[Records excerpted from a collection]
☆ ☆ ☆ ☆ ☆

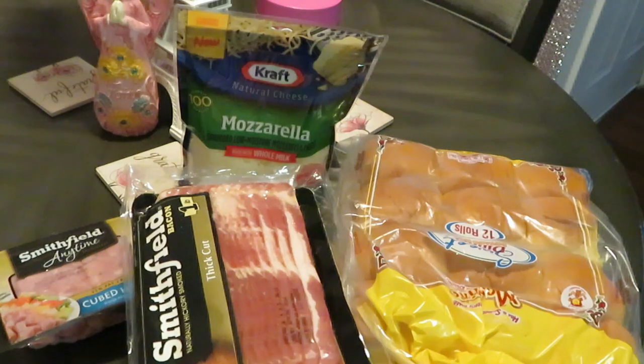Hey guys, it's Arika Misha in the kitchen getting ready to do what I do. Today is Saturday morning breakfast and this morning I'm gonna be cooking breakfast sliders. Yes, you heard me — you've heard of hamburger cheeseburger sliders, but this morning I'm cooking breakfast sliders, something my brain came up with.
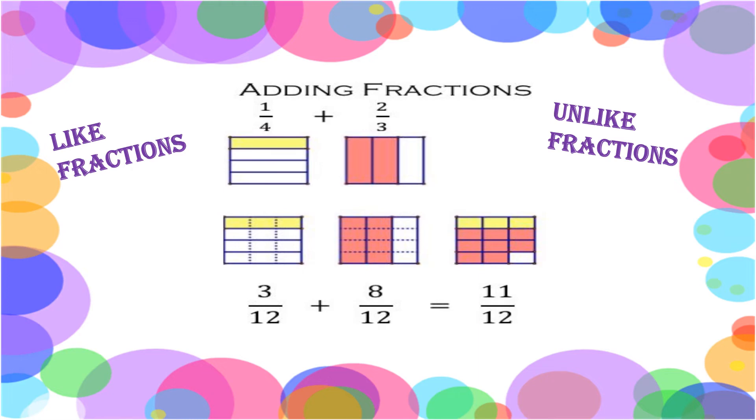Hello everyone, welcome back to our channel, Mark Vijay's Fun with Math. In this video, let's learn how to add fractions — like fractions and also unlike fractions, pictorially. We will see using pictures how to add them. So let's get into the video.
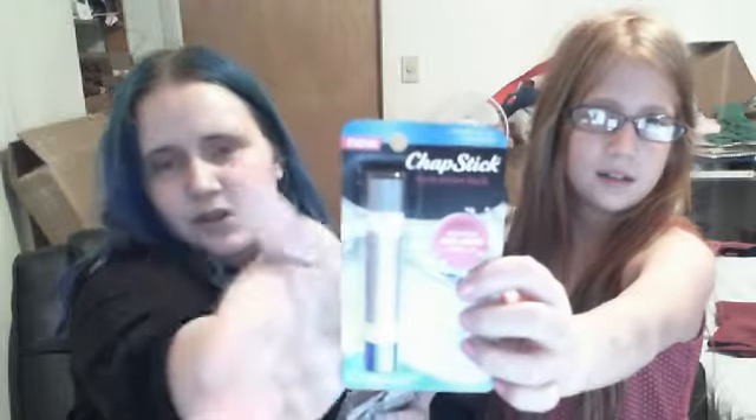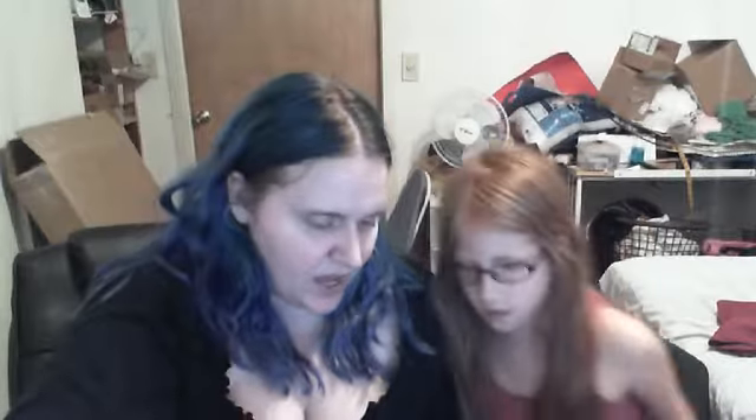We've got some information on the ChapStick we got sent. We got this kind of ChapStick — ChapStick Hydration Lock. It is two formulas in one and it is non-tinted. There is a night side that replenishes overnight and a day side. The day side has SPF 12. We have the Renew and the Moisture versions.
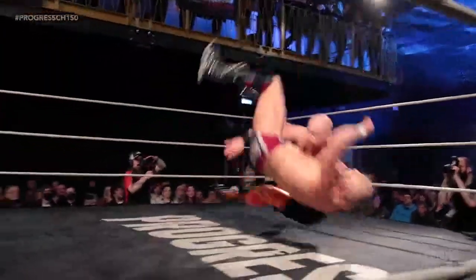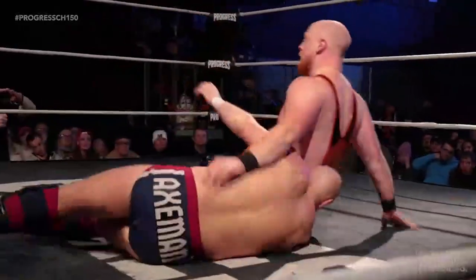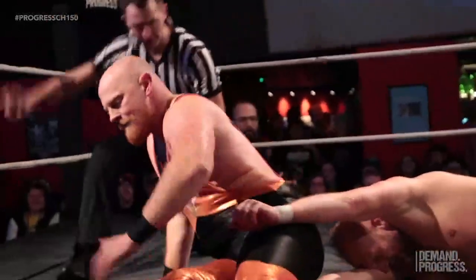Off the ropes — and a snap suplex! One, two — oh, shoulder up. Shoulder up just about.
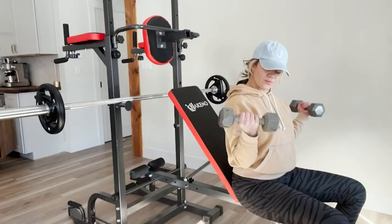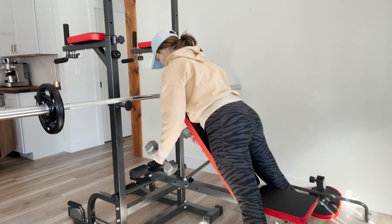This power tower by Hakino is making all my home gym dreams come true. It's incredibly dynamic and versatile. Let me show you. The Hakino multifunction power tower has so much to offer you — it truly is your one stop for home gym equipment.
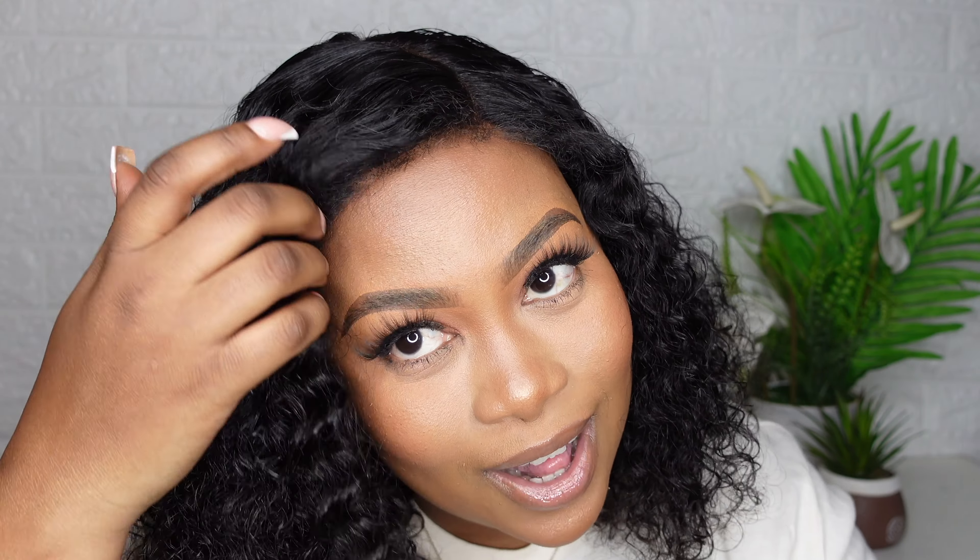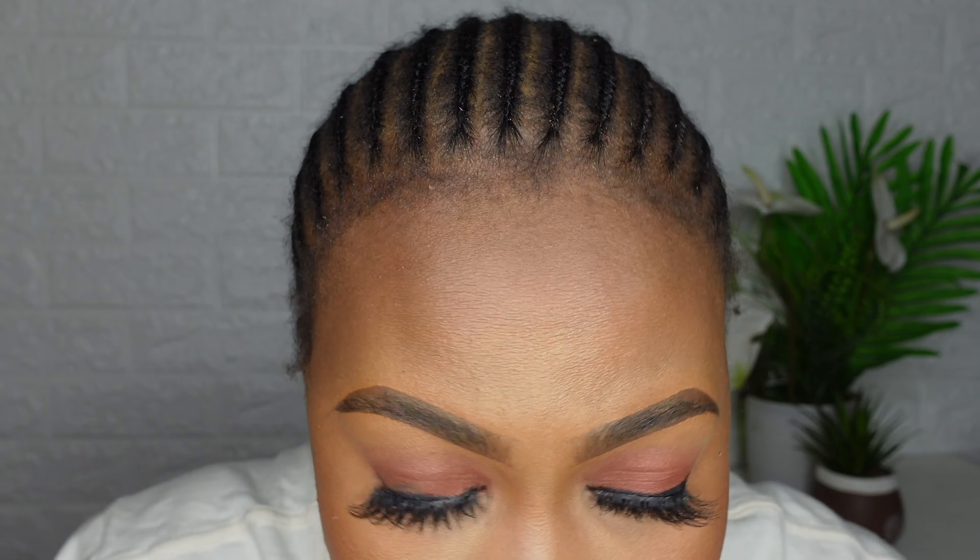I know it looks super amazing. This is beginner friendly, by the way. I am obsessed with the way the edges are looking — they are looking super natural, guys. I am really happy with this wig. I love the softness of the curls. The curls are super defined and they are actually moving when I move my head.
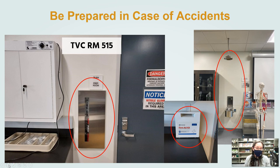Our newest campus, TVC, in room 515, has a fire extinguisher right outside the cadaver room entrance door from the lab, next to the goggle cabinet. There's a first aid kit by the prep lab, and then the shower and eyewash station — again using the same front paddle motion — near the front of the classroom.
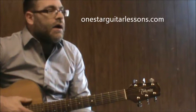Hey, Eric here from OneStarGuitarLessons.com, giving you a quick lesson in the song Signs. I never really heard the original version of this song, but the version I know is from Tesla, so we're going to do the one from Tesla.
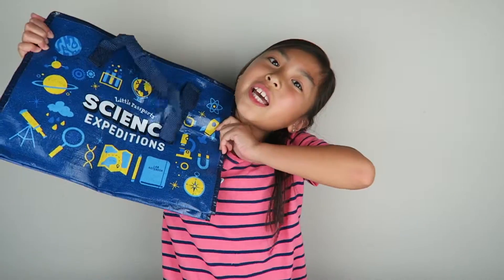Hi guys, it's Kayla here today. I'm going to be reviewing a new Little Passports box — this is my first box for the Science Expeditions. If you guys want to see some more Little Passports videos that we've done, I'll link that in the description box below. So let's check it out.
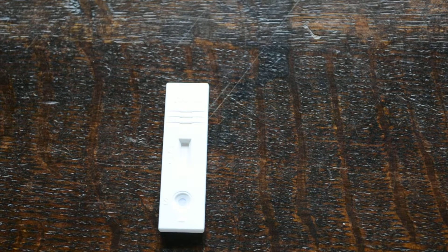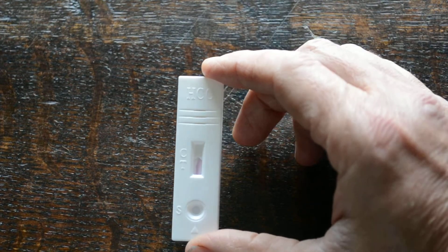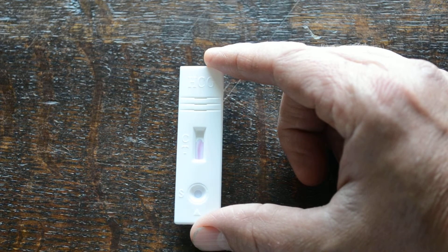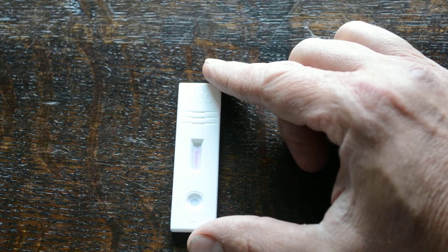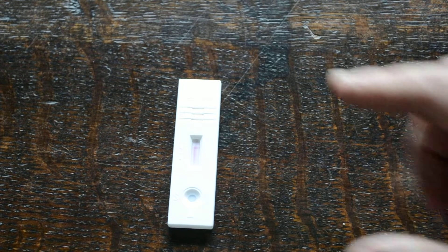We've just got to wait now for the membrane to run. What you'll see starting in the results window is the pinkish dye beginning to travel up the cassette, passing the test area and control area where a couple of lines will form. It takes about one to two minutes to pass osmotically through the test window. There can be a little variance depending on how much urine you've added and how warm it is.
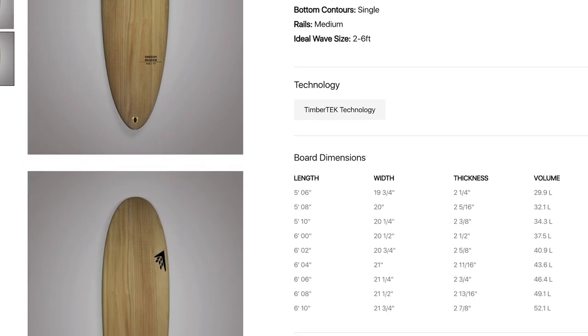Sizing the board is extremely easy, as any size you choose is going to have a lot of width and volume, which is going to make the board very forgiving in those average conditions.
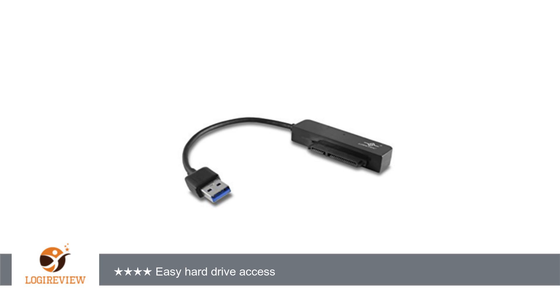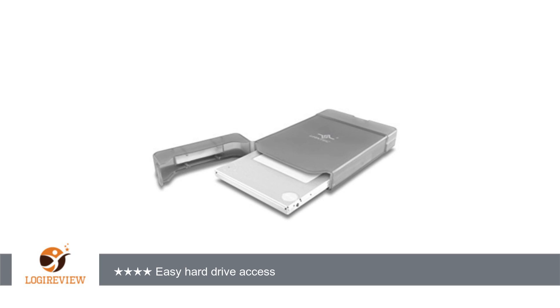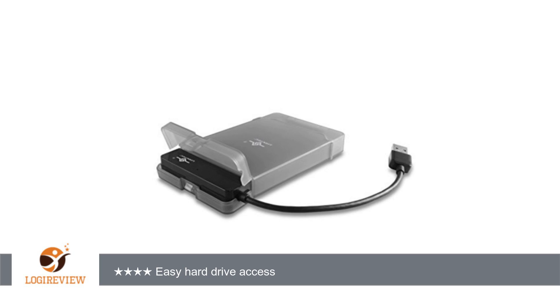Also included: one 4-pin Molex power adapter, one SATA to SATA data cable, one IDE 4-pin Molex power to SATA power adapter, and a mini CD containing a manual and drivers. It is not necessary to install drivers in Windows 2000, XP, and above systems.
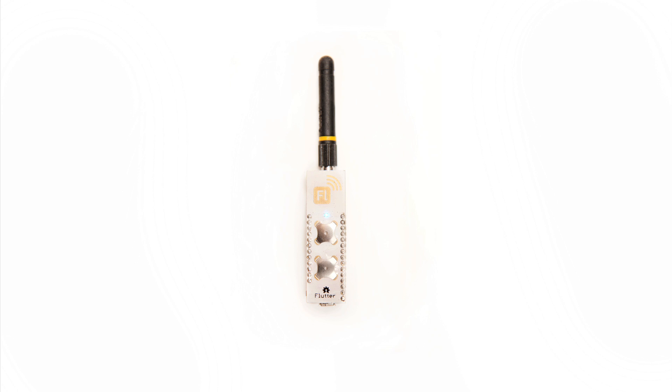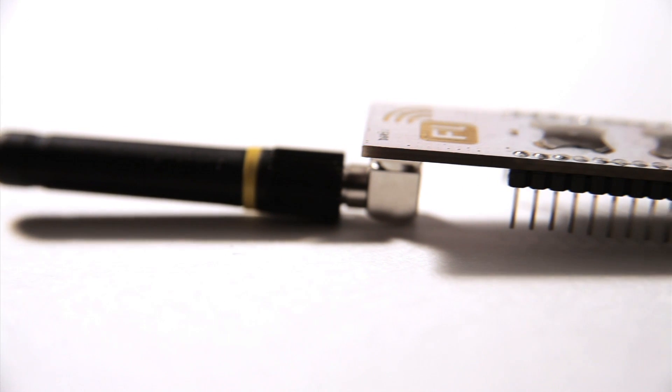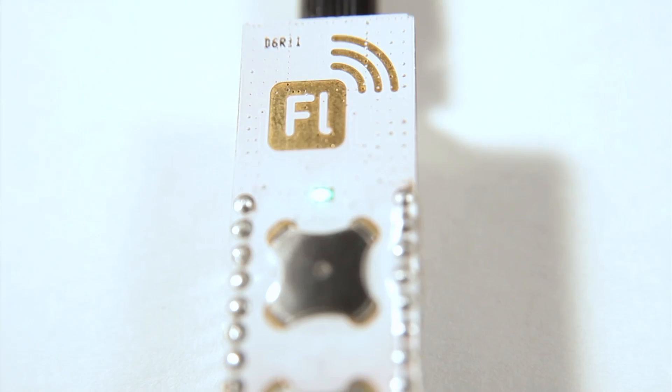This is Flutter, a better way to build cool projects. It's built on Arduino, so it's easy to program, with wireless built right in.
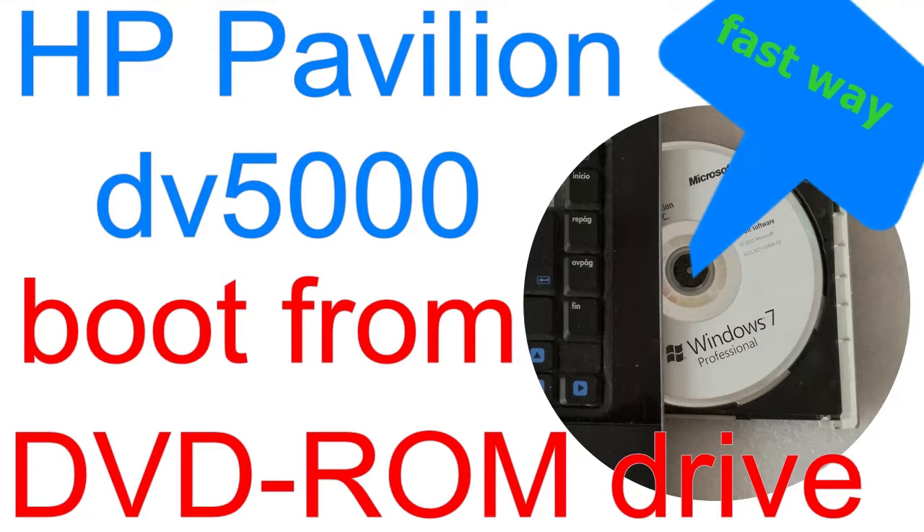Aloha, I'm Andy and in this video I will show the fast way how to boot from optical drive on HP Pavilion DV5000 laptop. Let's begin.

☆ ☆ ☆ ☆ ☆

What the task asks.
Please print the data above once more, exactly and without images.

Answer to this exercise.
Hey guys, it's Arika Misha in the kitchen getting ready to do what I do. Today is Saturday morning breakfast and this morning I'm gonna be cooking breakfast sliders. Yes, you heard me — you've heard of hamburger cheeseburger sliders, but this morning I'm cooking breakfast sliders, something my brain came up with.
Hello everyone, welcome back to our channel, Mark Vijay's Fun with Math. In this video, let's learn how to add fractions — like fractions and also unlike fractions, pictorially. We will see using pictures how to add them. So let's get into the video.
We've got some information on the ChapStick we got sent. We got this kind of ChapStick — ChapStick Hydration Lock. It is two formulas in one and it is non-tinted. There is a night side that replenishes overnight and a day side. The day side has SPF 12. We have the Renew and the Moisture versions.
Off the ropes — and a snap suplex! One, two — oh, shoulder up. Shoulder up just about.
This power tower by Hakino is making all my home gym dreams come true. It's incredibly dynamic and versatile. Let me show you. The Hakino multifunction power tower has so much to offer you — it truly is your one stop for home gym equipment.
I know it looks super amazing. This is beginner friendly, by the way. I am obsessed with the way the edges are looking — they are looking super natural, guys. I am really happy with this wig. I love the softness of the curls. The curls are super defined and they are actually moving when I move my head.
Our newest campus, TVC, in room 515, has a fire extinguisher right outside the cadaver room entrance door from the lab, next to the goggle cabinet. There's a first aid kit by the prep lab, and then the shower and eyewash station — again using the same front paddle motion — near the front of the classroom.
Hey, Eric here from OneStarGuitarLessons.com, giving you a quick lesson in the song Signs. I never really heard the original version of this song, but the version I know is from Tesla, so we're going to do the one from Tesla.
Hi guys, it's Kayla here today. I'm going to be reviewing a new Little Passports box — this is my first box for the Science Expeditions. If you guys want to see some more Little Passports videos that we've done, I'll link that in the description box below. So let's check it out.
We've just got to wait now for the membrane to run. What you'll see starting in the results window is the pinkish dye beginning to travel up the cassette, passing the test area and control area where a couple of lines will form. It takes about one to two minutes to pass osmotically through the test window. There can be a little variance depending on how much urine you've added and how warm it is.
Sizing the board is extremely easy, as any size you choose is going to have a lot of width and volume, which is going to make the board very forgiving in those average conditions.
Also included: one 4-pin Molex power adapter, one SATA to SATA data cable, one IDE 4-pin Molex power to SATA power adapter, and a mini CD containing a manual and drivers. It is not necessary to install drivers in Windows 2000, XP, and above systems.
This is Flutter, a better way to build cool projects. It's built on Arduino, so it's easy to program, with wireless built right in.
Aloha, I'm Andy and in this video I will show the fast way how to boot from optical drive on HP Pavilion DV5000 laptop. Let's begin.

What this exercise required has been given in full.